#75, Boerum Hill, Brooklyn
Doors like these are the architectural equivalent of that "when I am an old woman I shall wear purple" poem, your neighborhood's own equivalent of the old dear tottering around in a "red hat that doesn't go and doesn't suit me". On the one hand, you want to applaud the old broad for not giving a toss what the world thinks of her gobbling up samples in the shops and pressing the alarm bells at inappropriate times. On the other, you want to scream in her ear: "Stop pressing the alarm bells! Terrible shirts are not life's answer to sticking it to the youth-obsessed establishment! Sit down! You are making my eyes hurt!" So you may think similar thoughts as you pass your own neighborhood's "unique" door, sign, lawn ornament, or window decoration.

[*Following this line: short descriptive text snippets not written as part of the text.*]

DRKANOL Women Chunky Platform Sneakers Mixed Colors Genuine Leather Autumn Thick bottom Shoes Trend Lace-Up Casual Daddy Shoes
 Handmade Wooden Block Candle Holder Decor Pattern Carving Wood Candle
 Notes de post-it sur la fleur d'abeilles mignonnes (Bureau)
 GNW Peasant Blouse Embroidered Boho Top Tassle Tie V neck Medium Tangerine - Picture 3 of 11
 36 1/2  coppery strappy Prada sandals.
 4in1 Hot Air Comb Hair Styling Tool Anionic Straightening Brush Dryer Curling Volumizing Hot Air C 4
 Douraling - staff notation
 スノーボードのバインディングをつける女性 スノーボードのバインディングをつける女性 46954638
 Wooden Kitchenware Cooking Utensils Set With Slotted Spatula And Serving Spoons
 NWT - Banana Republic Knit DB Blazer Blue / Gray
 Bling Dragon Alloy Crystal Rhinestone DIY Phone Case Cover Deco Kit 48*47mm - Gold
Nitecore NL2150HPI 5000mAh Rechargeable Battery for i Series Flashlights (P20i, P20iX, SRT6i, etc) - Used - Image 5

Lovable eyesores. Every neighborhood has them. I can think of dozens of these from my daily walk: the giant plush German shepherd dog in a window on Clinton Street, the bloated inflatable seasonal displays that decorate the apartment on Sackett Street, this duo of hue-screamers on Bond Street. Then you get, a few paces down, this more sedate, subdued, inexplicably dull chocolate-dipped 75C. It is as if the building had been firmly instructed to tone it down and the owner painted the remaining door the blandest shade imaginable:
Interestingly, it is often the eyesores that I remember most from my youth: that giant 50 near my doctor's office, my next door neighbor's 2-car garage decorated with "HIS" and "HERS" (the clincher was that - the store must have run out of "I"s - the "HIS" half of the garage was actually labeled "H1S". There was also a bright pink barn that was Klemm's nursery.
I'm curious to know: When you think about your own neighborhoods, past and present, what are the lovable eyesores you see? And do you mostly love them or despise them for daring to be, er, unique?